» WORK TO BE COMPLETED
Print the data that follows exactly, leaving nothing out.

┏━━

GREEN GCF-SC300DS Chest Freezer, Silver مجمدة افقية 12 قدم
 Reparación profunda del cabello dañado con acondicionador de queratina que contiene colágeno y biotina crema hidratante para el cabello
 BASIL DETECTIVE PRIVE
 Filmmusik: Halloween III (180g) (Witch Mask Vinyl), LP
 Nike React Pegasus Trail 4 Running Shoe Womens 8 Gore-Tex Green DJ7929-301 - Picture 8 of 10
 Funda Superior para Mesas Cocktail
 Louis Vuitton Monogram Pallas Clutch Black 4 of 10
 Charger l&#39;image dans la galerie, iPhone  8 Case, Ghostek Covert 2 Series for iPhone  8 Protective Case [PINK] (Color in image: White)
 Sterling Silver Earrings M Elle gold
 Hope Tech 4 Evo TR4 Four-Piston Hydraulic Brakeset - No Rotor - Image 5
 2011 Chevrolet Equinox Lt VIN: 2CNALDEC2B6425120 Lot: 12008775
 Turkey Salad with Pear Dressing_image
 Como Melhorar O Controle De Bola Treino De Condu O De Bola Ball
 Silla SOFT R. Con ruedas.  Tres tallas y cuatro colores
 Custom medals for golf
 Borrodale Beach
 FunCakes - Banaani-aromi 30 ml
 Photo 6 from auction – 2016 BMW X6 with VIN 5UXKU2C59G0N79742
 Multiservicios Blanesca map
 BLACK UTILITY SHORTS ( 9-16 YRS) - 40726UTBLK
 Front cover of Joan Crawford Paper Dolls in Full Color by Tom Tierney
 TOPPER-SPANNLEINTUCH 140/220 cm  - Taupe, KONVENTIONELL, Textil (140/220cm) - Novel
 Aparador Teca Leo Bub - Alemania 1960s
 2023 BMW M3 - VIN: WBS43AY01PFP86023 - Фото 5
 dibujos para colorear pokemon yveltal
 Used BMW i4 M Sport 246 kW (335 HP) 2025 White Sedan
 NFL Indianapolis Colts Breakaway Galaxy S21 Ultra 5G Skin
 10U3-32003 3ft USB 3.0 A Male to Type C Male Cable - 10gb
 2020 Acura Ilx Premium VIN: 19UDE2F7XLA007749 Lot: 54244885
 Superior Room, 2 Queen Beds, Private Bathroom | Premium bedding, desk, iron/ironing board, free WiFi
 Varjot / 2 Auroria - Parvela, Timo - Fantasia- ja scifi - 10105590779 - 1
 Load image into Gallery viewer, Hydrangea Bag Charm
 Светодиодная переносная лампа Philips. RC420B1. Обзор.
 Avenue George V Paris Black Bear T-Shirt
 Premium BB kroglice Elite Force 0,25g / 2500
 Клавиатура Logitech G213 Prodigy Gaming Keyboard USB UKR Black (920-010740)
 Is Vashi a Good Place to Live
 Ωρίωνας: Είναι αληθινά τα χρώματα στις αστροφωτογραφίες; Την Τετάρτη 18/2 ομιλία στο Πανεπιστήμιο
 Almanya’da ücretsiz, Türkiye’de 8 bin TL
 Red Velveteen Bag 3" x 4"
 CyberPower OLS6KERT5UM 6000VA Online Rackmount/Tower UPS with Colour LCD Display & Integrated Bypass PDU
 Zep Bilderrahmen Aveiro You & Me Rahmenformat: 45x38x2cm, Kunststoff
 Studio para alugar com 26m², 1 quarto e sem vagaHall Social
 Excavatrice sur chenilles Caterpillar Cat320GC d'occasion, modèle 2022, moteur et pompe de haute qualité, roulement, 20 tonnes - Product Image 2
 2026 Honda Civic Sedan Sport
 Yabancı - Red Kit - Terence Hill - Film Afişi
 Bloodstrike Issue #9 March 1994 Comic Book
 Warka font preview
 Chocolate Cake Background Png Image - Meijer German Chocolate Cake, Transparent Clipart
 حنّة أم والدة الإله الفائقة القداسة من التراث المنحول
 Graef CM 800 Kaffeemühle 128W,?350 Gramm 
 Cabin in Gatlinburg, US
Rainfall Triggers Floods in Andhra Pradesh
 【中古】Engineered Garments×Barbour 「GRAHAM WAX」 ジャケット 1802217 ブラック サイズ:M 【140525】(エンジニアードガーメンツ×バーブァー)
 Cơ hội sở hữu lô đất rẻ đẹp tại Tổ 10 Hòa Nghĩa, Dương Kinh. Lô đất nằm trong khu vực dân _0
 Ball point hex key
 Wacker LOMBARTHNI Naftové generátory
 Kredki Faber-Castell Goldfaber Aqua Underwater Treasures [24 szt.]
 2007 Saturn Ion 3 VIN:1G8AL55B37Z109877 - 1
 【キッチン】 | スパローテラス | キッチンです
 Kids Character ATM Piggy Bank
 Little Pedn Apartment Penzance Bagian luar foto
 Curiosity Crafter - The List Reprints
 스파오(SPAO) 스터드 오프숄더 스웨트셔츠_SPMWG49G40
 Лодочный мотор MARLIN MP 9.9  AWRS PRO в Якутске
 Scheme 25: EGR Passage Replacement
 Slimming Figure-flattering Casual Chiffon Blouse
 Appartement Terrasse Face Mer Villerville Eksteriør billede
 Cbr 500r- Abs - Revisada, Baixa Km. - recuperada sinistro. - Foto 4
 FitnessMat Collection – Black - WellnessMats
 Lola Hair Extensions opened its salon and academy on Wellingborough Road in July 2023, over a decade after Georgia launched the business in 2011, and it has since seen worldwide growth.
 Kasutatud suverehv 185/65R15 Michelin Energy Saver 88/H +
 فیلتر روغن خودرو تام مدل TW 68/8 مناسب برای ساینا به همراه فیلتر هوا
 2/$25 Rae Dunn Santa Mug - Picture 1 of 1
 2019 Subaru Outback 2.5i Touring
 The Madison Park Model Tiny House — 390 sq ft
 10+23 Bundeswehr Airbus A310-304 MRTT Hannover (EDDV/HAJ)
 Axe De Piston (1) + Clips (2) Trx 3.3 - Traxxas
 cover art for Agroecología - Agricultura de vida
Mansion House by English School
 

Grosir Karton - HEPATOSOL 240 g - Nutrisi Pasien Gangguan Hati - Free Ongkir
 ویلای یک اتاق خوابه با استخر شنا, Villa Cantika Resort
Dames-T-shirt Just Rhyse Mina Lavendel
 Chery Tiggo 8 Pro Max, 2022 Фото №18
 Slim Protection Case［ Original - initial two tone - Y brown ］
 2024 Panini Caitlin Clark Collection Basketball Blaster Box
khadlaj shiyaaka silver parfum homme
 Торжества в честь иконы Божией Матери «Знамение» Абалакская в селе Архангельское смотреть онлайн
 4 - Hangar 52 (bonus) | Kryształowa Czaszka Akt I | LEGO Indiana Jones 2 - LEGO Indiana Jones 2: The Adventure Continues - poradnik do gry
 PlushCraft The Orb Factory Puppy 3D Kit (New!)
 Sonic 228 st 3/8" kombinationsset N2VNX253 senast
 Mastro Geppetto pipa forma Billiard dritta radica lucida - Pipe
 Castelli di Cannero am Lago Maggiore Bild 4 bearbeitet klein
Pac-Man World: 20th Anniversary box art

┗━━

» RESPONSE TO THE EXERCISE
GREEN GCF-SC300DS Chest Freezer, Silver مجمدة افقية 12 قدم
 Reparación profunda del cabello dañado con acondicionador de queratina que contiene colágeno y biotina crema hidratante para el cabello
 BASIL DETECTIVE PRIVE
 Filmmusik: Halloween III (180g) (Witch Mask Vinyl), LP
 Nike React Pegasus Trail 4 Running Shoe Womens 8 Gore-Tex Green DJ7929-301 - Picture 8 of 10
 Funda Superior para Mesas Cocktail
 Louis Vuitton Monogram Pallas Clutch Black 4 of 10
 Charger l&#39;image dans la galerie, iPhone  8 Case, Ghostek Covert 2 Series for iPhone  8 Protective Case [PINK] (Color in image: White)
 Sterling Silver Earrings M Elle gold
 Hope Tech 4 Evo TR4 Four-Piston Hydraulic Brakeset - No Rotor - Image 5
 2011 Chevrolet Equinox Lt VIN: 2CNALDEC2B6425120 Lot: 12008775
 Turkey Salad with Pear Dressing_image
 Como Melhorar O Controle De Bola Treino De Condu O De Bola Ball
 Silla SOFT R. Con ruedas.  Tres tallas y cuatro colores
 Custom medals for golf
 Borrodale Beach
 FunCakes - Banaani-aromi 30 ml
 Photo 6 from auction – 2016 BMW X6 with VIN 5UXKU2C59G0N79742
 Multiservicios Blanesca map
 BLACK UTILITY SHORTS ( 9-16 YRS) - 40726UTBLK
 Front cover of Joan Crawford Paper Dolls in Full Color by Tom Tierney
 TOPPER-SPANNLEINTUCH 140/220 cm  - Taupe, KONVENTIONELL, Textil (140/220cm) - Novel
 Aparador Teca Leo Bub - Alemania 1960s
 2023 BMW M3 - VIN: WBS43AY01PFP86023 - Фото 5
 dibujos para colorear pokemon yveltal
 Used BMW i4 M Sport 246 kW (335 HP) 2025 White Sedan
 NFL Indianapolis Colts Breakaway Galaxy S21 Ultra 5G Skin
 10U3-32003 3ft USB 3.0 A Male to Type C Male Cable - 10gb
 2020 Acura Ilx Premium VIN: 19UDE2F7XLA007749 Lot: 54244885
 Superior Room, 2 Queen Beds, Private Bathroom | Premium bedding, desk, iron/ironing board, free WiFi
 Varjot / 2 Auroria - Parvela, Timo - Fantasia- ja scifi - 10105590779 - 1
 Load image into Gallery viewer, Hydrangea Bag Charm
 Светодиодная переносная лампа Philips. RC420B1. Обзор.
 Avenue George V Paris Black Bear T-Shirt
 Premium BB kroglice Elite Force 0,25g / 2500
 Клавиатура Logitech G213 Prodigy Gaming Keyboard USB UKR Black (920-010740)
 Is Vashi a Good Place to Live
 Ωρίωνας: Είναι αληθινά τα χρώματα στις αστροφωτογραφίες; Την Τετάρτη 18/2 ομιλία στο Πανεπιστήμιο
 Almanya’da ücretsiz, Türkiye’de 8 bin TL
 Red Velveteen Bag 3" x 4"
 CyberPower OLS6KERT5UM 6000VA Online Rackmount/Tower UPS with Colour LCD Display & Integrated Bypass PDU
 Zep Bilderrahmen Aveiro You & Me Rahmenformat: 45x38x2cm, Kunststoff
 Studio para alugar com 26m², 1 quarto e sem vagaHall Social
 Excavatrice sur chenilles Caterpillar Cat320GC d'occasion, modèle 2022, moteur et pompe de haute qualité, roulement, 20 tonnes - Product Image 2
 2026 Honda Civic Sedan Sport
 Yabancı - Red Kit - Terence Hill - Film Afişi
 Bloodstrike Issue #9 March 1994 Comic Book
 Warka font preview
 Chocolate Cake Background Png Image - Meijer German Chocolate Cake, Transparent Clipart
 حنّة أم والدة الإله الفائقة القداسة من التراث المنحول
 Graef CM 800 Kaffeemühle 128W,?350 Gramm 
 Cabin in Gatlinburg, US
Rainfall Triggers Floods in Andhra Pradesh
 【中古】Engineered Garments×Barbour 「GRAHAM WAX」 ジャケット 1802217 ブラック サイズ:M 【140525】(エンジニアードガーメンツ×バーブァー)
 Cơ hội sở hữu lô đất rẻ đẹp tại Tổ 10 Hòa Nghĩa, Dương Kinh. Lô đất nằm trong khu vực dân _0
 Ball point hex key
 Wacker LOMBARTHNI Naftové generátory
 Kredki Faber-Castell Goldfaber Aqua Underwater Treasures [24 szt.]
 2007 Saturn Ion 3 VIN:1G8AL55B37Z109877 - 1
 【キッチン】 | スパローテラス | キッチンです
 Kids Character ATM Piggy Bank
 Little Pedn Apartment Penzance Bagian luar foto
 Curiosity Crafter - The List Reprints
 스파오(SPAO) 스터드 오프숄더 스웨트셔츠_SPMWG49G40
 Лодочный мотор MARLIN MP 9.9  AWRS PRO в Якутске
 Scheme 25: EGR Passage Replacement
 Slimming Figure-flattering Casual Chiffon Blouse
 Appartement Terrasse Face Mer Villerville Eksteriør billede
 Cbr 500r- Abs - Revisada, Baixa Km. - recuperada sinistro. - Foto 4
 FitnessMat Collection – Black - WellnessMats
 Lola Hair Extensions opened its salon and academy on Wellingborough Road in July 2023, over a decade after Georgia launched the business in 2011, and it has since seen worldwide growth.
 Kasutatud suverehv 185/65R15 Michelin Energy Saver 88/H +
 فیلتر روغن خودرو تام مدل TW 68/8 مناسب برای ساینا به همراه فیلتر هوا
 2/$25 Rae Dunn Santa Mug - Picture 1 of 1
 2019 Subaru Outback 2.5i Touring
 The Madison Park Model Tiny House — 390 sq ft
 10+23 Bundeswehr Airbus A310-304 MRTT Hannover (EDDV/HAJ)
 Axe De Piston (1) + Clips (2) Trx 3.3 - Traxxas
 cover art for Agroecología - Agricultura de vida
Mansion House by English School
 

Grosir Karton - HEPATOSOL 240 g - Nutrisi Pasien Gangguan Hati - Free Ongkir
 ویلای یک اتاق خوابه با استخر شنا, Villa Cantika Resort
Dames-T-shirt Just Rhyse Mina Lavendel
 Chery Tiggo 8 Pro Max, 2022 Фото №18
 Slim Protection Case［ Original - initial two tone - Y brown ］
 2024 Panini Caitlin Clark Collection Basketball Blaster Box
khadlaj shiyaaka silver parfum homme
 Торжества в честь иконы Божией Матери «Знамение» Абалакская в селе Архангельское смотреть онлайн
 4 - Hangar 52 (bonus) | Kryształowa Czaszka Akt I | LEGO Indiana Jones 2 - LEGO Indiana Jones 2: The Adventure Continues - poradnik do gry
 PlushCraft The Orb Factory Puppy 3D Kit (New!)
 Sonic 228 st 3/8" kombinationsset N2VNX253 senast
 Mastro Geppetto pipa forma Billiard dritta radica lucida - Pipe
 Castelli di Cannero am Lago Maggiore Bild 4 bearbeitet klein
Pac-Man World: 20th Anniversary box art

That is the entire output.